Anno di pubblicazione: 2013

Il titolo del volume non rende giustizia all’interesse che esso può suscitare tanto
presso gli «addetti ai lavori» quanto per un pubblico vasto. Ben più che concentrarsi sulla
parabola dell’amministrazione Carter e dei suoi travagliati rapporti con l’Unione Sovietica,
il libro ripercorre l’ascesa negli Stati Uniti sin dagli anni ’60 del tema dei diritti umani
come elemento del discorso politico; si configurava così in termini parzialmente nuovi il
recupero sul piano retorico del «primato morale» rivendicato all’inizio della guerra fredda
e appannato dagli anni dell’amministrazione Nixon.
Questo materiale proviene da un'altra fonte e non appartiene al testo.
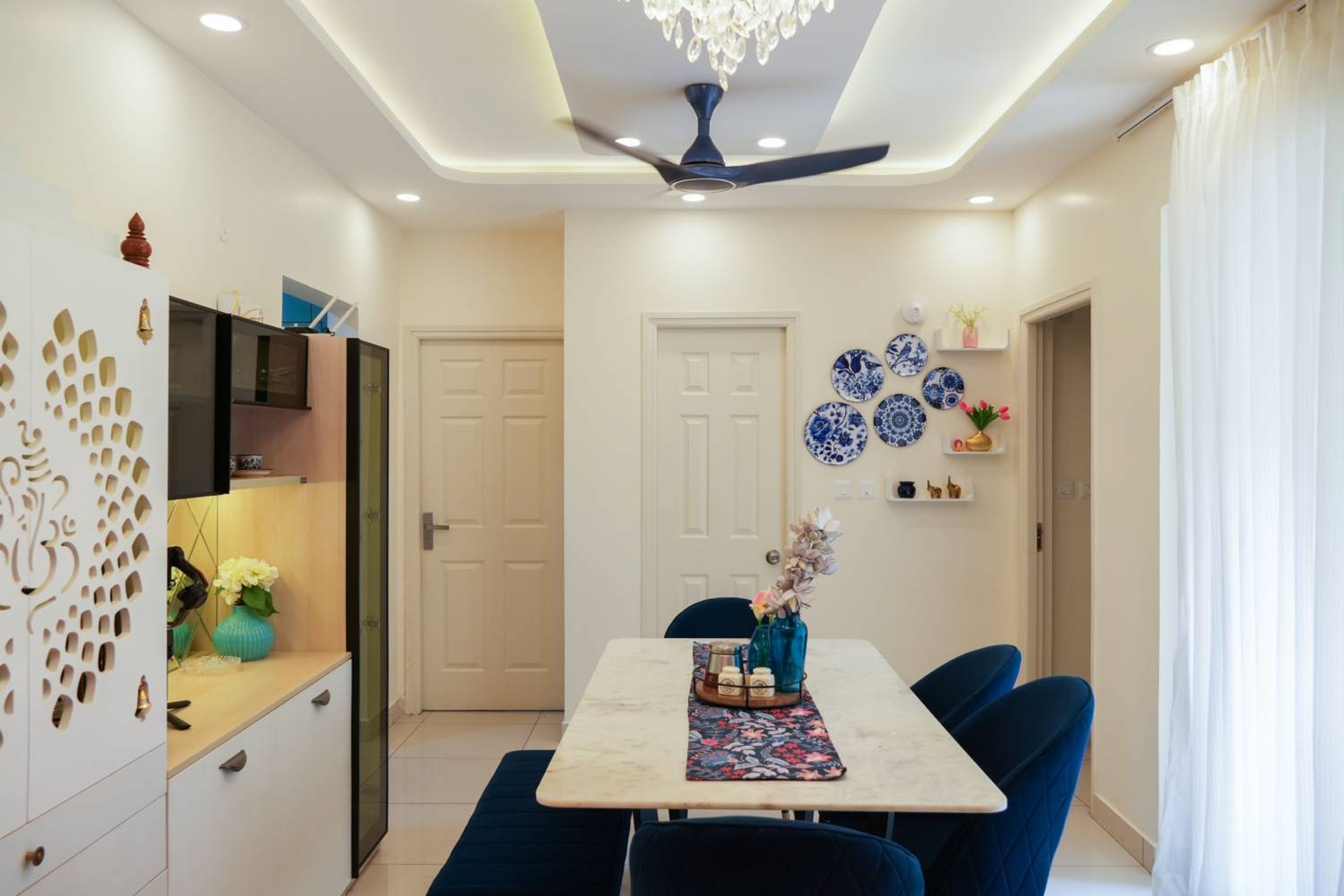 Multi-Layered Modern Peripheral False Ceiling Design With Wooden Texture And Cove Lights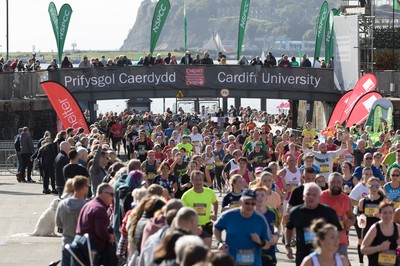 061019 - Cardiff Half Marathon 2019 - Runners make their way through Cardiff Bay, Roald Dahl Plas and past the Wales Millennium Centre at the halfway point of the race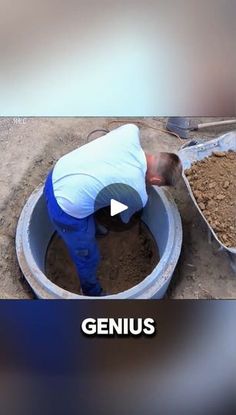 a man in blue pants and white shirt pouring cement into a large bucket with the word genius on it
Tulli sottolinea come i diritti umani
siano così diventati anche un metro di giudizio pubblico per la condotta internazionale
delle autorità politiche. Non a caso, l’a. fa un uso accorto anche degli archivi di organizzazioni
internazionali non governative (come Amnesty International) che di quell’ascesa
furono al contempo artefici e beneficiarie, e che sull’onda del nuovo interesse pubblico
videro accrescere il proprio peso nel dibattito politico in termini del tutto inediti.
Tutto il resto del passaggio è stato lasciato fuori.